The ocean-front Pavilion and the amusement park area were demolished between December 2006 and summer 2007. As of 2010, the 11 acre lot had been mostly unused and empty. Although there is no longer a Pavilion, tourists still visit the area, attracted by the local businesses such as the Gay Dolphin Gift Cove which remain in operation. A historical marker commemorating the Pavilion has been placed on the northeast corner of the ocean-front lot, along the new boardwalk.

==Rides and attractions==
===Roller coasters===

| Name | Opened | Removed | Manufacturer | Type | Notes |
|---|---|---|---|---|---|
| Hurricane: Category 5 | 2000 | 2006 | Custom Coasters International | Wood/Steel Hybrid |  |
| Mad Mouse | 1998 | 2006 | Arrow Dynamics | Mad Mouse |  |
| Little Eagle | 1986 | 2006 | Mack Rides | Kiddie Coaster |  |
| Galaxi | 1985 | 1997 |  | Wooden |  |

===Flat rides===

| Name | Opened | Removed | Manufacturer | Type | Notes |
| Atlantic Speedway |  | 2006 |  |  |  |
| Calypso |  | 2006 | Schwarzkopf | Calypso |  |
| Carousel |  | 2006 |  | Carousel |  |
| Caterpillar |  | 2006 | Mack Rides | Caterpillar |  |
| Enterprise | 1980 | 2006 | Huss | Enterprise |  |
| Go-Kart Track |  | 2006 |  |  |  |
| Haunted House |  | 2006 |  |  |  |
| Hydrosurge | 1993 | 2006 | Hopkins Rides | River Raft Ride |  |
| Log Flume |  | 2006 |  | Log Flume |  |
| Pirate |  | 2006 | Huss | Pirate Ship |  |
| Rainbow | 1984 | 2006 | Huss | Gondola | For Sale 2012/Location Now Unknown |
| Starship 2000 | 1980's | 2006 |  |  |

==New uses for the site==
On February 7, 2012, the Sun News reported that the Myrtle Beach area would have a new attraction by summer.
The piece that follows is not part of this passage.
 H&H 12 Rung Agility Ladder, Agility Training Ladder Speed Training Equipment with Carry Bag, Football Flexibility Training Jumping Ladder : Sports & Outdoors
Adrenaline Adventures planned a zip line project that would go up at the former Pavilion site and was expected to open April 1.

On April 10, 2013, the Sun News reported that rides and games could return to the old Myrtle Beach Pavilion Amusement Park site that summer. Strates Shows in Orlando, Florida was proposing a temporary carnival to sit on a four-acre portion of the old Pavilion site next to the Adrenaline Adventures Zip Line, but due to resistance from the city, the plan was dropped.
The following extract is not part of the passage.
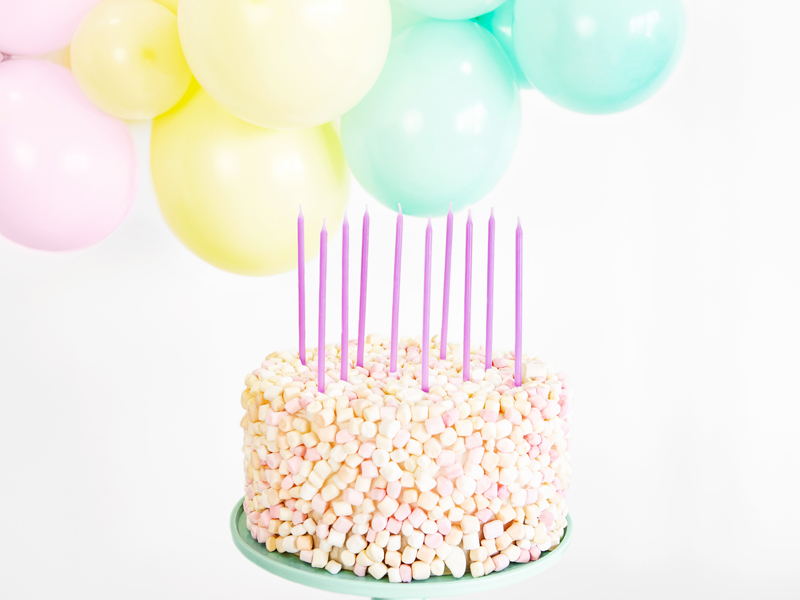 12 Velas de Aniversário 14cm Lilás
On May 4, 2017, the owner of Myrtle Beach Zipline Adventures announced additional zip lines and the addition of a ropes course, to be completed in about a month. The zip lines were high enough that concerts could continue under them. The zip line attraction closed in January 2024.

Burroughs and Chapin Pavilion Place between 8th and 9th Avenues North became an event and concert venue. Carolina Country Music Fest is an annual event held there.